Task brief: Note the line where "U2. Иллюстрированная биография" appears in the data below; write it out exactly, along with every line that comes after it to the end.

Input data:
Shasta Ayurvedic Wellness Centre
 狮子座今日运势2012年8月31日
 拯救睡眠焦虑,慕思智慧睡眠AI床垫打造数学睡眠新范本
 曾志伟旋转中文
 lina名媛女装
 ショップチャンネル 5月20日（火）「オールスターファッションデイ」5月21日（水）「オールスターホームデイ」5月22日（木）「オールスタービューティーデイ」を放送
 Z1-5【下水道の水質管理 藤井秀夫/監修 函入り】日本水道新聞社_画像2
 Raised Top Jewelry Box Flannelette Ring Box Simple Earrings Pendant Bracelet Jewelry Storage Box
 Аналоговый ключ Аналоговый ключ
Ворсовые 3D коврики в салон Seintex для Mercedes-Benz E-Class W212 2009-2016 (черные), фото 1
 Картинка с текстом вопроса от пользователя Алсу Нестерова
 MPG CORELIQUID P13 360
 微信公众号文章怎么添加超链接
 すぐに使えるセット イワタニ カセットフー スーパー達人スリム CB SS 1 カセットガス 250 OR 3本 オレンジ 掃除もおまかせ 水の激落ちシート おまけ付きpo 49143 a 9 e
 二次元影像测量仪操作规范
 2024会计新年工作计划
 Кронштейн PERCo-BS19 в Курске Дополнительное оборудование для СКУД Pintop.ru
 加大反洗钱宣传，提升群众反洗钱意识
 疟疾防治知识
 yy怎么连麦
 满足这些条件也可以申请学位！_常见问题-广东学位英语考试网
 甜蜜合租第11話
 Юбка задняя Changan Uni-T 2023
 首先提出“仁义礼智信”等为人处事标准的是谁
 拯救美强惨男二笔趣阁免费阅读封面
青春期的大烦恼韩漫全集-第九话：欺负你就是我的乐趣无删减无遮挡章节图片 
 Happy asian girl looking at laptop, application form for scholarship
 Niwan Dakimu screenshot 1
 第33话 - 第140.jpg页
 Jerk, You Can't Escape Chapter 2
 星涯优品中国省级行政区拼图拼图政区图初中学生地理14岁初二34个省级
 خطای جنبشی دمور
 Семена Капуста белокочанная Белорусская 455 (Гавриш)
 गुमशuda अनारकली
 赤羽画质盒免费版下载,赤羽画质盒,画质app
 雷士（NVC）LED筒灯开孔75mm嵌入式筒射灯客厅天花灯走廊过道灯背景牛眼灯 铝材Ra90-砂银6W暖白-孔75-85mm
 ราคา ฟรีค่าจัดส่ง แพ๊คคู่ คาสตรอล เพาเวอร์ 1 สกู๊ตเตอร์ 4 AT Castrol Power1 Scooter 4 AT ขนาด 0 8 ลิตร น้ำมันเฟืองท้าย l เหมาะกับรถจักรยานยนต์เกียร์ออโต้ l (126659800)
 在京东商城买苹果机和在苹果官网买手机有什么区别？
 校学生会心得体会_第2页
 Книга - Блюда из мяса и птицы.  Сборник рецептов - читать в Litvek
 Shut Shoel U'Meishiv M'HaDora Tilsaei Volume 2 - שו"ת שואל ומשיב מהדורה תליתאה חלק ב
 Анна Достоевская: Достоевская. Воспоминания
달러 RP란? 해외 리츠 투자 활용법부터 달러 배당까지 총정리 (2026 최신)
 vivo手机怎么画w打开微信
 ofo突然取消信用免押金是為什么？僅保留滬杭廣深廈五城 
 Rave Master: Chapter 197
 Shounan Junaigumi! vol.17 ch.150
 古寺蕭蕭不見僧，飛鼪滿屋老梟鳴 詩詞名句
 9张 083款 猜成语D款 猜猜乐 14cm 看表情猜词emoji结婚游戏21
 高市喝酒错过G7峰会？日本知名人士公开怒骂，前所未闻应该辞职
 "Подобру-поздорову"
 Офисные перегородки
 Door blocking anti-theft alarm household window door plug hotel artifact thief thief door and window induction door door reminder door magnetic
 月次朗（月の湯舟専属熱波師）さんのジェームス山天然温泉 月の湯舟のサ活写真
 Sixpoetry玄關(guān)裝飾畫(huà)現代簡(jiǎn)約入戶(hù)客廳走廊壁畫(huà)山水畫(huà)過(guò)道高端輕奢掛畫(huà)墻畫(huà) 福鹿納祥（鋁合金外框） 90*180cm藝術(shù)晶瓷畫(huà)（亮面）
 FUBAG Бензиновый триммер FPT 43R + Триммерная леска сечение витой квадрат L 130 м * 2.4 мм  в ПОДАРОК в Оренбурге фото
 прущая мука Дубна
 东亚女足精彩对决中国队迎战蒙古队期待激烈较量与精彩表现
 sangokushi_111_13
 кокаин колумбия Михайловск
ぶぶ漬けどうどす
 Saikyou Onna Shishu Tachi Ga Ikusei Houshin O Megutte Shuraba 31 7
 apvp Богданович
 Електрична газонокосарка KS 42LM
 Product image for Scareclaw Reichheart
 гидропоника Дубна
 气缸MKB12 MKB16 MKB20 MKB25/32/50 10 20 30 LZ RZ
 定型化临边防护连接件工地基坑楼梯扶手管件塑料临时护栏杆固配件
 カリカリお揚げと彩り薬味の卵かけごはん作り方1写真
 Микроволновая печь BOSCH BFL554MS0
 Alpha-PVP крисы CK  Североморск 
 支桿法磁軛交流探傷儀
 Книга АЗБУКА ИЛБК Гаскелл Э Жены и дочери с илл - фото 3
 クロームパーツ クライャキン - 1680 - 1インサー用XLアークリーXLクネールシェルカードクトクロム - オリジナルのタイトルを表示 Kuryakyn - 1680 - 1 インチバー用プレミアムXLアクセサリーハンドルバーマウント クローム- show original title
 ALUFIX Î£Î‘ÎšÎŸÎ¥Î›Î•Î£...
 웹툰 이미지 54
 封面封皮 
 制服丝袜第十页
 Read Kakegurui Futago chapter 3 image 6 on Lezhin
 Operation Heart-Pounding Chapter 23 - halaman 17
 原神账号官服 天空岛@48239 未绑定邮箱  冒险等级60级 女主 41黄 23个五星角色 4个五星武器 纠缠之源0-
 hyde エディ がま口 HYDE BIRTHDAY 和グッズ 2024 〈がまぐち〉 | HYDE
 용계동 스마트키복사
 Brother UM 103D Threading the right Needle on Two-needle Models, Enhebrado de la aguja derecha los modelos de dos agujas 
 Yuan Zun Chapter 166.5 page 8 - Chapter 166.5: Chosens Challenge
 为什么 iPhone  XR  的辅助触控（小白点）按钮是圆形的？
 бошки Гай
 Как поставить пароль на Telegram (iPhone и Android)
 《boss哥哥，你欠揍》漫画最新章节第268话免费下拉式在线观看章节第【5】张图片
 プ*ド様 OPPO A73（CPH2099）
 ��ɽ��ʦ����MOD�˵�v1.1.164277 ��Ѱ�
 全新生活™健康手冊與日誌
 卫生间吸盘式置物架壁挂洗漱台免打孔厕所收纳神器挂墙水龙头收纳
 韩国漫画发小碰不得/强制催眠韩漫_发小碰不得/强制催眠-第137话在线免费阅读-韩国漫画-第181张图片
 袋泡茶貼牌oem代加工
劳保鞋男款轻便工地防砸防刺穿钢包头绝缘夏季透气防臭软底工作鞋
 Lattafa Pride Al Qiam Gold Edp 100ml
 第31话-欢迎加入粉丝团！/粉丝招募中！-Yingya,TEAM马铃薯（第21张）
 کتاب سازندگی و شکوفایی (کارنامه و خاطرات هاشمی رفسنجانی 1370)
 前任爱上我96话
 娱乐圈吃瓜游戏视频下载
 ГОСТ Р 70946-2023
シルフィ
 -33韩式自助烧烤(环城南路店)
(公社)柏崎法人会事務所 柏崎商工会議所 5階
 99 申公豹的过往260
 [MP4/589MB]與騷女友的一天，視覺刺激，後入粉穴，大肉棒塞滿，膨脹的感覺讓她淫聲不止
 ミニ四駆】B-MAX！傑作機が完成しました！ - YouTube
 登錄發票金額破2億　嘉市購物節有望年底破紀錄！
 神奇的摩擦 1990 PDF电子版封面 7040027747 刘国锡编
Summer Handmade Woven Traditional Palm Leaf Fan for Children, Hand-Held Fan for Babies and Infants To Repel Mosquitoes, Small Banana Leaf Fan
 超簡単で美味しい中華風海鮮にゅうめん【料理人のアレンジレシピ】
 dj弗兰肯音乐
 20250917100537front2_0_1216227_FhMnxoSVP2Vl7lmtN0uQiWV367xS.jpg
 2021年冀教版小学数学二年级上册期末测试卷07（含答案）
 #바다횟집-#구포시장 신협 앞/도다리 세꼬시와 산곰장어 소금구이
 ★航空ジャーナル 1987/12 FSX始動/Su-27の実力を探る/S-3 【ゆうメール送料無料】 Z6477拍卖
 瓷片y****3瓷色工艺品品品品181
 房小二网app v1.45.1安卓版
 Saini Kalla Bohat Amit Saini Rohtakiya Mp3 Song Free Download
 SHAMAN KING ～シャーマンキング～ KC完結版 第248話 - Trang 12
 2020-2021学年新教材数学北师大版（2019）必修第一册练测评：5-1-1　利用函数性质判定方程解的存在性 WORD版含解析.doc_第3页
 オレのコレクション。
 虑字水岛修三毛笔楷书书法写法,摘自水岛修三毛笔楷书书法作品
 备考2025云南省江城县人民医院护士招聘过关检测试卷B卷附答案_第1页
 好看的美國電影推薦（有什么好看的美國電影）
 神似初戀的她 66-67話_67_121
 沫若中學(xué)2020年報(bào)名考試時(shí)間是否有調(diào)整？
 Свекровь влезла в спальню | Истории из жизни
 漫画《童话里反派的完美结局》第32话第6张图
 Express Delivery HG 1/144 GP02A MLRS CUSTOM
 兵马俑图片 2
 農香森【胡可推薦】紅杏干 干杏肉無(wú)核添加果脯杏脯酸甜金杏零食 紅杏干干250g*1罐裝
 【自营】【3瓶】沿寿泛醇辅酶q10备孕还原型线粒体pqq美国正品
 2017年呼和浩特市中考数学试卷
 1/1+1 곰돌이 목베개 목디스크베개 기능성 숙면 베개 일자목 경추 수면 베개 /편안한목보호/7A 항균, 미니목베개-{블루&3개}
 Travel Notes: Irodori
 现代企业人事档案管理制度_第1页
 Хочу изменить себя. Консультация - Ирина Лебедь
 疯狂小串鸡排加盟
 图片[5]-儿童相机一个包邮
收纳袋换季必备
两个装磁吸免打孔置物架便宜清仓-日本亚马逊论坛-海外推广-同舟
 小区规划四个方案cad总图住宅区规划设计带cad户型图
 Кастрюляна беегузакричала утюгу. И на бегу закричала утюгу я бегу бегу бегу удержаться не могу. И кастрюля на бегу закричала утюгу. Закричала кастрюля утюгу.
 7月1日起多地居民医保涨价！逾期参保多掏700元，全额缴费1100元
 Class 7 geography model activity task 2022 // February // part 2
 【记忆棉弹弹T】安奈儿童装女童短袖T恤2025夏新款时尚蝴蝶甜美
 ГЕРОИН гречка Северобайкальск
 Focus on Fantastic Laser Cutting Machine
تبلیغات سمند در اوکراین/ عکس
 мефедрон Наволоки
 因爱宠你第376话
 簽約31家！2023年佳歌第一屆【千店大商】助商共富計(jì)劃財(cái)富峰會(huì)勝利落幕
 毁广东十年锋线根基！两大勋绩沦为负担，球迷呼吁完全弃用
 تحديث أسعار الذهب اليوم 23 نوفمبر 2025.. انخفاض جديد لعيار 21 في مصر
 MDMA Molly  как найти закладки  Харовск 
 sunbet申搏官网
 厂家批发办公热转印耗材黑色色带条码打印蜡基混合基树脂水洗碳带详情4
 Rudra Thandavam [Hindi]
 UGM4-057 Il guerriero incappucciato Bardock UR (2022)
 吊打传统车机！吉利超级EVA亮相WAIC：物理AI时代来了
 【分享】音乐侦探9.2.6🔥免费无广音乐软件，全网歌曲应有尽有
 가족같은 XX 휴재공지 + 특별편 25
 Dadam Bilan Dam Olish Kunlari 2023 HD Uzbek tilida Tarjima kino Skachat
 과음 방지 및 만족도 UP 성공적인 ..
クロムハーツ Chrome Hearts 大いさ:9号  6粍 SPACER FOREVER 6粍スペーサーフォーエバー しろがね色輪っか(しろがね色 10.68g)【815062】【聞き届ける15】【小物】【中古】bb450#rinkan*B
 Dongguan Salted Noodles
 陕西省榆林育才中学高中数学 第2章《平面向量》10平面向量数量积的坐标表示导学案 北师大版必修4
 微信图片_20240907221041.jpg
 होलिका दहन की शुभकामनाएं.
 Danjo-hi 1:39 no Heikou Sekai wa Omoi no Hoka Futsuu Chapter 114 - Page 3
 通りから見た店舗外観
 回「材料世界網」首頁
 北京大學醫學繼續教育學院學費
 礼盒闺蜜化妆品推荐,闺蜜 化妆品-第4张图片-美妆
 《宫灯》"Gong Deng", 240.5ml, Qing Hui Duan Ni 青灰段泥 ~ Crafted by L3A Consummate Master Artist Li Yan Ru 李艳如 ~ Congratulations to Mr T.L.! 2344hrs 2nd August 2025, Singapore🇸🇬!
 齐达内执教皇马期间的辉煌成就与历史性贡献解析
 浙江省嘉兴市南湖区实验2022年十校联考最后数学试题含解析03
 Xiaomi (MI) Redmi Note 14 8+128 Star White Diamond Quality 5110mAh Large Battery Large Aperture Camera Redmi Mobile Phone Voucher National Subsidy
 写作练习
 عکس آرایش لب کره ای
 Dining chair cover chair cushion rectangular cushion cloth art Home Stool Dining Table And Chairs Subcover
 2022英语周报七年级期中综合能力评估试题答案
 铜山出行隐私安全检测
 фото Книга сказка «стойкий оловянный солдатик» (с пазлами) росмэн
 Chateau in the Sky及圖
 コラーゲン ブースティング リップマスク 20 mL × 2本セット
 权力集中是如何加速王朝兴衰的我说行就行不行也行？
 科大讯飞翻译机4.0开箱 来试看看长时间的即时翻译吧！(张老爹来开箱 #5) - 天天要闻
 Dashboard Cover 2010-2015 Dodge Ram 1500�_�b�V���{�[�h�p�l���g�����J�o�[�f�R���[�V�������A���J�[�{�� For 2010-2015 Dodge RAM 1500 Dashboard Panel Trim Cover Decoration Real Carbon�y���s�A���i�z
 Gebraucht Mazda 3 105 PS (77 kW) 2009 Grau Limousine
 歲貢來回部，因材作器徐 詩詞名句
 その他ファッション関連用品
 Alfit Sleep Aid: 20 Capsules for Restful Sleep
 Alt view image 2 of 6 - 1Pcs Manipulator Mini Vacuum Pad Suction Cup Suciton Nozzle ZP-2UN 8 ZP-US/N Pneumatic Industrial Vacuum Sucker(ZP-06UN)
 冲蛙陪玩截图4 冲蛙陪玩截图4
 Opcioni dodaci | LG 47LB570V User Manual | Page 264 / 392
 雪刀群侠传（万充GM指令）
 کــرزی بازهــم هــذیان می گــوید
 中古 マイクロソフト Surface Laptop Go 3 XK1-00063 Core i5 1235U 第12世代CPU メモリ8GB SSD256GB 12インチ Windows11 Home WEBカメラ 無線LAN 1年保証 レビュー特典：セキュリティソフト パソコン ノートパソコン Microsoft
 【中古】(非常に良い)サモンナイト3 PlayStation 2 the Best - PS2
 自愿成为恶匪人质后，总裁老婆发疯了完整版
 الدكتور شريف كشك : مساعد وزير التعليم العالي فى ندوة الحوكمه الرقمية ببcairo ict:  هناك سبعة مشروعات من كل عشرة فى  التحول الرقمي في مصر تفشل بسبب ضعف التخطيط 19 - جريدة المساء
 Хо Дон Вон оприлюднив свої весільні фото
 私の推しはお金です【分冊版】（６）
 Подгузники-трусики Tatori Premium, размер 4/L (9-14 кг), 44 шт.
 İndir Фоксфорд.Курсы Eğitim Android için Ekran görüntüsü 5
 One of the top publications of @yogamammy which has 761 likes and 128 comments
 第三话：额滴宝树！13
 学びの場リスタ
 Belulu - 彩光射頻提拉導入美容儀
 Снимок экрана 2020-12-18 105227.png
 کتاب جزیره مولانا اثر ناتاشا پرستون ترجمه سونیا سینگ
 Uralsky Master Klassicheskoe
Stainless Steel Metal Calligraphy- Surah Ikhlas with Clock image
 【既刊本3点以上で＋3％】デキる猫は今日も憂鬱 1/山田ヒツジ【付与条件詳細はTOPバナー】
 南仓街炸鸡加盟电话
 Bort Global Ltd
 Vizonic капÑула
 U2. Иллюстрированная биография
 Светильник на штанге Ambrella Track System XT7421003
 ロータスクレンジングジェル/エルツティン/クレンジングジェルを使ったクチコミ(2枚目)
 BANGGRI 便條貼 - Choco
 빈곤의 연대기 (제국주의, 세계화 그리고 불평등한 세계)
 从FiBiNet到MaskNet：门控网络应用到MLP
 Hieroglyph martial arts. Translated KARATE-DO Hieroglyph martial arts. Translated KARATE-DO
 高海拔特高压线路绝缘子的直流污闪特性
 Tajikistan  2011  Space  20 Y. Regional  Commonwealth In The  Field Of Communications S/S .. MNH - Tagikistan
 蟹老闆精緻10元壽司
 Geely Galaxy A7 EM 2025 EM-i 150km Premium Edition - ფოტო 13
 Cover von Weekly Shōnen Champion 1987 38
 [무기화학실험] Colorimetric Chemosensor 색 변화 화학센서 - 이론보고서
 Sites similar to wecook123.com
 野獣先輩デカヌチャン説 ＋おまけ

Answer box:
 U2. Иллюстрированная биография
 Светильник на штанге Ambrella Track System XT7421003
 ロータスクレンジングジェル/エルツティン/クレンジングジェルを使ったクチコミ(2枚目)
 BANGGRI 便條貼 - Choco
 빈곤의 연대기 (제국주의, 세계화 그리고 불평등한 세계)
 从FiBiNet到MaskNet：门控网络应用到MLP
 Hieroglyph martial arts. Translated KARATE-DO Hieroglyph martial arts. Translated KARATE-DO
 高海拔特高压线路绝缘子的直流污闪特性
 Tajikistan  2011  Space  20 Y. Regional  Commonwealth In The  Field Of Communications S/S .. MNH - Tagikistan
 蟹老闆精緻10元壽司
 Geely Galaxy A7 EM 2025 EM-i 150km Premium Edition - ფოტო 13
 Cover von Weekly Shōnen Champion 1987 38
 [무기화학실험] Colorimetric Chemosensor 색 변화 화학센서 - 이론보고서
 Sites similar to wecook123.com
 野獣先輩デカヌチャン説 ＋おまけ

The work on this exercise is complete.